Kids don’t have that opportunity. When they’re faced with beatings, they either try to run, or fight back. Eventually, they get beaten more. And more. And more. Some kids don’t get to " sure as hell finish the fight".
Try This or This report, or perhaps This excellent article.
It’s not a little scuffle a lot of the time. It’s assault and battery by someone whose parents punch them around, and have learned that it’s okay to punch other people around. Fine. The world is filled with animals. MY Kids won’t be reduced to that level. They’re assaulted? The police are called. Period. Not the teacher, not the Principal of the school- whose mandate from Central Administration will ALWAYS be to quiet things down, hide the bad stuff and protect the district at all costs. No, one doesn’t sit calmly and debate assault. One prosecutes. Save the mindfucking debates for whether or not the Chicago Math Program works, or whether or not we really need a new color on all the school busses.
Your kid assaults my kid? It’s very simple. You get to stand up in court like any other American, and take some fucking responsibility for the actions of your minor child, since you’re that child’s legal guardian. And in some states, you get to be charged with the crime yourself. I like that. It works.
Cartooniverse
Man, I got the crap beat out of me all the time after I went from a small, specialized lower school to a large, very public middle school. I hated it. I was scared every day. I gained weight. My face broke out. I went to a therapist.
But I eventually got sick of being such a wimp, and realized that I was ultimately the only one who could really do anything about it. My parents and the teachers could only do so much. That’s what it means, in my opinion, to grow up. You realize that you are alone in some things and that you have to be your own best friend and defender. So I got over it and learned how to take up for myself. And you know what? It made me a very strong person.
(…climbing down from her soapbox and flexing her biceps…)
*Originally posted by berdollos *
**I am trying to make the point that our society is headed in the direction of criminalizing any aggressive play among children. I agree that some forms of aggression warrant punishment and that adults in supervisory positions should try to stop fights, etc. But I have little doubt that this society will go to extreme measures and get into a zero tolerance mode regarding normal behavior. **
Disclosure-I don’t have any firsthand knowledge about local school districts’ discipline policies, because I’m a college student without kids. Although I’m working with five-year-olds as part of a research project, we don’t ask them about their schools’ policy or what happens to them on the playground.
That said, from the number of news stories I read about kids getting expelled or suspended for things like writing a scary essay-for a Halloween assignment, for Christ’s sake-the more it seems like school districts are going to criminalize everything besides sitting quietly in a desk. IIRC, some kindergarten students were punished for pointing their fingers like guns and saying bang.

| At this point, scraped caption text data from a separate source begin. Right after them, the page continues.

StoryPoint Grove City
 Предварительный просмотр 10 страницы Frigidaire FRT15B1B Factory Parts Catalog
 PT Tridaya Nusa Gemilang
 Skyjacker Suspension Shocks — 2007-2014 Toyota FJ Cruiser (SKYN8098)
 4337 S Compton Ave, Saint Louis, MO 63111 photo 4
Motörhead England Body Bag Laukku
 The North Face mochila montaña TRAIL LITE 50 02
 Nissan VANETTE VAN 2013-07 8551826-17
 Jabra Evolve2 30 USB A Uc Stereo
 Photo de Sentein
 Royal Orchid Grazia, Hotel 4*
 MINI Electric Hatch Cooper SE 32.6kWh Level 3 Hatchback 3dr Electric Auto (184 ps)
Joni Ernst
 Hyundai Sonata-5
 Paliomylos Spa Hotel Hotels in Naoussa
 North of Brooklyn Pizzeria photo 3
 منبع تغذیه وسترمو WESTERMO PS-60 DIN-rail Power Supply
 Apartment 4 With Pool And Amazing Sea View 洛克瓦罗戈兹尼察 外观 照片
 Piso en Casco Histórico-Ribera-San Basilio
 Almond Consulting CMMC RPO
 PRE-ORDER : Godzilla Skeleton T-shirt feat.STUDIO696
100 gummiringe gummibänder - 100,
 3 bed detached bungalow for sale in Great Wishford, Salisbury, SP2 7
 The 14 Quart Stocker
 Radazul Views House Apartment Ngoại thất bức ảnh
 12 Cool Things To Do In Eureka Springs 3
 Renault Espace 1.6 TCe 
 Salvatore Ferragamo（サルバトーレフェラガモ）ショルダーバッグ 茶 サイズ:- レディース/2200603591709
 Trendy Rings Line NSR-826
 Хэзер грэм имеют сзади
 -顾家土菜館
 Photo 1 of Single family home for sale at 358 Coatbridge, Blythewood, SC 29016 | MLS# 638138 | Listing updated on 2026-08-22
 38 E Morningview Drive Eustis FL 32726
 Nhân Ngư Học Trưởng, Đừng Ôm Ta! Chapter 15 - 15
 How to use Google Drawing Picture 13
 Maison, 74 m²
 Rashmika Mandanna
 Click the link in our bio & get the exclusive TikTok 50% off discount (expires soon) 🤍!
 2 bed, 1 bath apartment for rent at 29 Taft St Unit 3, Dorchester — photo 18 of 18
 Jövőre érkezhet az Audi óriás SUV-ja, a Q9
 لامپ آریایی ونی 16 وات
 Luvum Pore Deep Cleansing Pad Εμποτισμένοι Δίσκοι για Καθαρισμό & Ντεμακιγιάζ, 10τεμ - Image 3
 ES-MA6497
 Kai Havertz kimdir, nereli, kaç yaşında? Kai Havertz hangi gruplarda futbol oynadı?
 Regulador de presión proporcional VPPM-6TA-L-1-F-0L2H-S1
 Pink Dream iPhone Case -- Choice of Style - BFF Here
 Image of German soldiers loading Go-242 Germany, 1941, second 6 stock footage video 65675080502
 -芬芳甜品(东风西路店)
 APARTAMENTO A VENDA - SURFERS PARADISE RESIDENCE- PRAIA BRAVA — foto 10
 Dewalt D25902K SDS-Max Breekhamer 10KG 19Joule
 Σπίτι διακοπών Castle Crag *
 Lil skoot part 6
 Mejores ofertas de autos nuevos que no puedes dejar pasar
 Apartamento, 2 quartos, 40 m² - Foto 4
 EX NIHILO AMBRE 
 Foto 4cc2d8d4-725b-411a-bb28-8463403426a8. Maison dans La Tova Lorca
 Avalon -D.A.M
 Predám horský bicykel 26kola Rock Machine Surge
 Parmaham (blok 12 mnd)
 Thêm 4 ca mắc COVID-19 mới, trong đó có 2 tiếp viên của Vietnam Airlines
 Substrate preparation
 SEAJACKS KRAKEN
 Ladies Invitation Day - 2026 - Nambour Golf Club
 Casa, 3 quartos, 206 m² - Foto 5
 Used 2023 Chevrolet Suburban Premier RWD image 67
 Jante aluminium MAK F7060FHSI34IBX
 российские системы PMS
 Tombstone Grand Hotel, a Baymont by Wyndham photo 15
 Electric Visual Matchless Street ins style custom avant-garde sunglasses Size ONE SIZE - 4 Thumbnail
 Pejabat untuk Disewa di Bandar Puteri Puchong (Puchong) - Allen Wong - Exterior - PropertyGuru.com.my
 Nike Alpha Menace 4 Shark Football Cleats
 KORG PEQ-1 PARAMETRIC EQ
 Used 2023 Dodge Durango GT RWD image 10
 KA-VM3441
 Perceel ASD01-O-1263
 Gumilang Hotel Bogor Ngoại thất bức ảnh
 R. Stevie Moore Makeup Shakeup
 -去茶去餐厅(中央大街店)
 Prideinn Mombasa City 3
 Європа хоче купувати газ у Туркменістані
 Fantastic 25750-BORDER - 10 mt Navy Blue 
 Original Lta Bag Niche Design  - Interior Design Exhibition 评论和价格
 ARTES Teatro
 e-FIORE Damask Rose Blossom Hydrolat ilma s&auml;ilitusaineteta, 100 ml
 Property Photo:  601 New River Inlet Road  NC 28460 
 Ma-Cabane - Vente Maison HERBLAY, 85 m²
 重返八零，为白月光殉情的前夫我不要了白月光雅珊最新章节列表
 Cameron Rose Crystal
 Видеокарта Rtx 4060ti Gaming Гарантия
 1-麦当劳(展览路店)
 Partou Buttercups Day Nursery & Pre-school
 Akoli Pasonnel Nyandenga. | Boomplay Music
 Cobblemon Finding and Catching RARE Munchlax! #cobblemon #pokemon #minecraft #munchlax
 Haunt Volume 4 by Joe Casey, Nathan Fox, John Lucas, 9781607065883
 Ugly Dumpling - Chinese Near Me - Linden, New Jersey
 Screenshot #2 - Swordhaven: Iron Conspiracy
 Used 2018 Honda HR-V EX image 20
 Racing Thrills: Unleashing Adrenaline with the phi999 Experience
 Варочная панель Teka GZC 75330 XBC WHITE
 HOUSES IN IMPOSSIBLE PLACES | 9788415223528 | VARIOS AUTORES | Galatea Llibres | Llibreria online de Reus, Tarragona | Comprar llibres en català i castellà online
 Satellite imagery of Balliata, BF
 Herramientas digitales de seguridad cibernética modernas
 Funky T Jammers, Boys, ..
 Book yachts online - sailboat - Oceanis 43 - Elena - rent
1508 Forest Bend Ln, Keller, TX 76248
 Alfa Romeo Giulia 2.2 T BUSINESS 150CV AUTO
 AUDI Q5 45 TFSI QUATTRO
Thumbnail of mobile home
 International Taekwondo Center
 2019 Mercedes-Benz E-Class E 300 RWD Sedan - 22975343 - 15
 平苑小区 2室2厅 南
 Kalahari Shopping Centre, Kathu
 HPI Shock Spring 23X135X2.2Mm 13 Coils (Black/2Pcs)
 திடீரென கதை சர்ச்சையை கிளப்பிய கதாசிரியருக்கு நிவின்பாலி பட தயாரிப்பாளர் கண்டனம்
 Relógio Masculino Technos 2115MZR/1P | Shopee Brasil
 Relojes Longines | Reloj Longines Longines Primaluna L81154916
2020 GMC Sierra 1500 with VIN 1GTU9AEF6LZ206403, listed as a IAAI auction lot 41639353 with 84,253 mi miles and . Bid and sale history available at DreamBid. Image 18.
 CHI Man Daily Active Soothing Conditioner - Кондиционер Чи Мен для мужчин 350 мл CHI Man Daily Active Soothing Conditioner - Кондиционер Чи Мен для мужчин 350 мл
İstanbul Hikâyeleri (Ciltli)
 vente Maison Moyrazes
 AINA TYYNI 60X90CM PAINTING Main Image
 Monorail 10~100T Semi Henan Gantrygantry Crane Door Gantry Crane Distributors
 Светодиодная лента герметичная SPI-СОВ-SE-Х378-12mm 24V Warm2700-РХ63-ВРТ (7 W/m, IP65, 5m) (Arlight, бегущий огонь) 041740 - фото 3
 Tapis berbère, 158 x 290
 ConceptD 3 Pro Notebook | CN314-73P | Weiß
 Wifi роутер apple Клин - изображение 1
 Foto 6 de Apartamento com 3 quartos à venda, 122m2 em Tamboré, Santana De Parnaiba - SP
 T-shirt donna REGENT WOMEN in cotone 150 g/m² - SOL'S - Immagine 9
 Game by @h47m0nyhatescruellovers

I agree that out-and-out assault should be treated as such and punished accordingly, but I question whether “zero tolerance” policies are the best ways to run a school. I don’t think they help the kids who are getting picked on, because teachers can’t see everything, and I know that even if I were getting my ass kicked every day I would think twice before going to a teacher about.
I think a good question is why so many districts adopt these policies. Personally, I think it’s an ass-covering measure by school districts. If I were a parent, I think I would like to see an administrator say,“Our school will not tolerate bullying in any way, shape or form!”
Who would really want to hear an adinistrator say,“We don’t like bullying, but we admit we’re powerless to prevent all of it. Your kids will have to look out for themselves.”